The oil market is experiencing its strongest start to the year since 2022, fueled by supply shocks and sanctions that have disrupted expectations of a surplus. Now, traders are rushing to hedge against the possibility of another US strike on Iran.
Increased activity in the futures and options markets has pushed crude prices higher, with Brent crude futures hitting a seven-month high above $72 a barrel on Friday, and some analysts see a risk premium that could reach $10.
A shift in the oil market
This surge – which has seen Brent crude rise by about 18% since the end of last year – represents a remarkable shift compared to just a few weeks ago, when traders were focused on expectations of a record surplus, particularly at this time of year.
Instead, an unexpected force has emerged: supply disruptions in the United States and Kazakhstan, coupled with a reluctance to buy sanctioned crude, exacerbated by escalating geopolitical risks—from Venezuela to Iran—where President Donald Trump may order new strikes in a region that accounts for roughly a quarter of the world’s seaborne oil trade.
Gary Ross, a veteran oil consultant turned hedge fund manager at Black Gold Investors, said: “You have a potential war, and that’s the overriding factor, but it’s coming in a much tighter market than traders anticipated. I’m going to take my precautions, and I wouldn’t want to hold short positions in this market.”
Trump told reporters on Friday that he was considering a limited strike against Iran after assembling the largest US force since 2003. Axios reported that a US attack on Iran could come sooner than expected and look closer to a full-blown war.
Jump in oil futures contracts
The number of open Brent crude futures contracts has risen to a record high this year, while last month saw record trading in options contracts to hedge against further price increases. Volatility has soared to its highest level since the last US airstrikes on Iran in June, and traders have been charging premiums for the longest period in years to protect themselves from a sharp rise.
Jorge León, head of geopolitical risk analysis at Rystad Energy, said: “The likelihood of limited strikes and limited retaliation from Iran seems lower this time. That worked last year, but now I have a feeling it’s either a nuclear deal or a wider escalation, nothing in between.”
The expansion of global production is curbing prices.

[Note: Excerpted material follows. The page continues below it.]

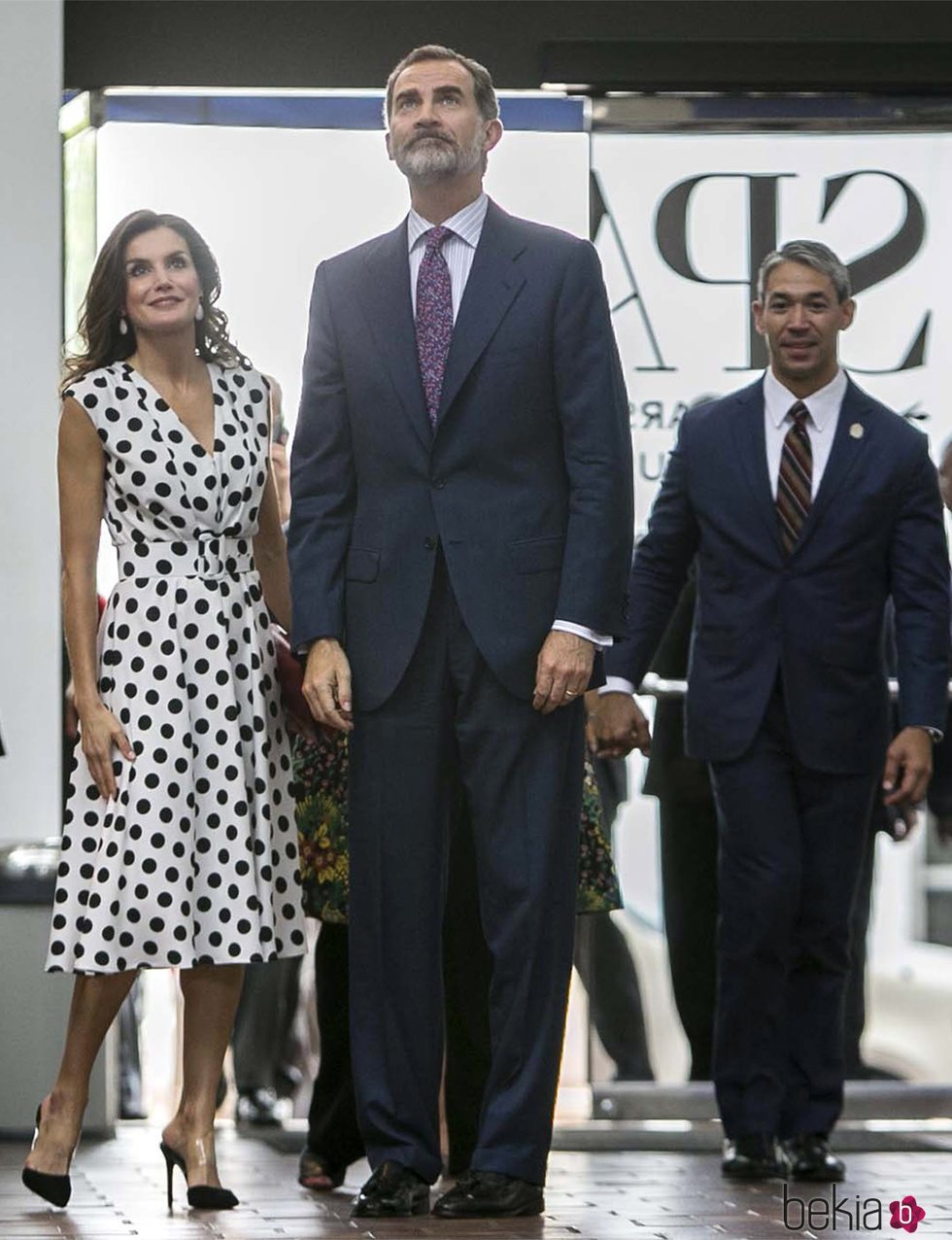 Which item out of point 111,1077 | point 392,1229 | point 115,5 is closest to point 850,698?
point 392,1229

However, the fact that prices have not risen to higher levels reflects the scale of the expansion in global production.
U.S. Energy Secretary Chris Wright said this week that the United States' dominance in energy has made its foreign policy less vulnerable to supply shocks.
OPEC and its allies gradually increased production last year. Similarly, supplies from outside the group reached a record high, pushing global production to 108 million barrels per day by the end of 2025, according to estimates by the International Energy Agency. This exceeds consumption by approximately 3 million barrels per day during the same period, according to its data.
Supply disruptions
However, the first weeks of January showed how unexpected production constraints could quickly narrow the gap.
Exports of CPC Blend crude from Kazakhstan have fallen to their lowest level in nearly a decade, a consequence of a combination of drone attacks, maintenance work and damage to a production facility, and adverse weather conditions. Meanwhile, a severe cold snap in the United States contributed to two of the four largest declines in US oil inventories this century. Crude stocks alone fell by 9 million barrels last week.
Although production in both countries has since recovered, the disruptions helped erode Western stockpiles at a time when they were expected to rise rapidly.
All eyes are on Iran
On the other hand, physical oil traders are also closely monitoring the situation in Iran.
Some refineries in Asia, the largest consuming region, have begun inquiring about the availability of shipments from areas outside the Arabian Gulf to hedge against the risk of disruption.
The charter rates for supertankers, whose supply was already constrained, also jumped, partly in anticipation of a US move. The largest vessels in the market are earning more than $150,000 a day, the highest level since the pandemic when many were used to store unwanted barrels.
Shipping rates have increased due to tensions in recent days, after Iran announced earlier this week that it had temporarily closed part of the narrow Strait of Hormuz, through which one-fifth of the world's oil supply passes.
Rob Thamel, portfolio manager at Tortoise Capital Advisors, said: Currently, the focus is overwhelmingly on Iran and what will happen in the Strait of Hormuz. This is the most important question of all.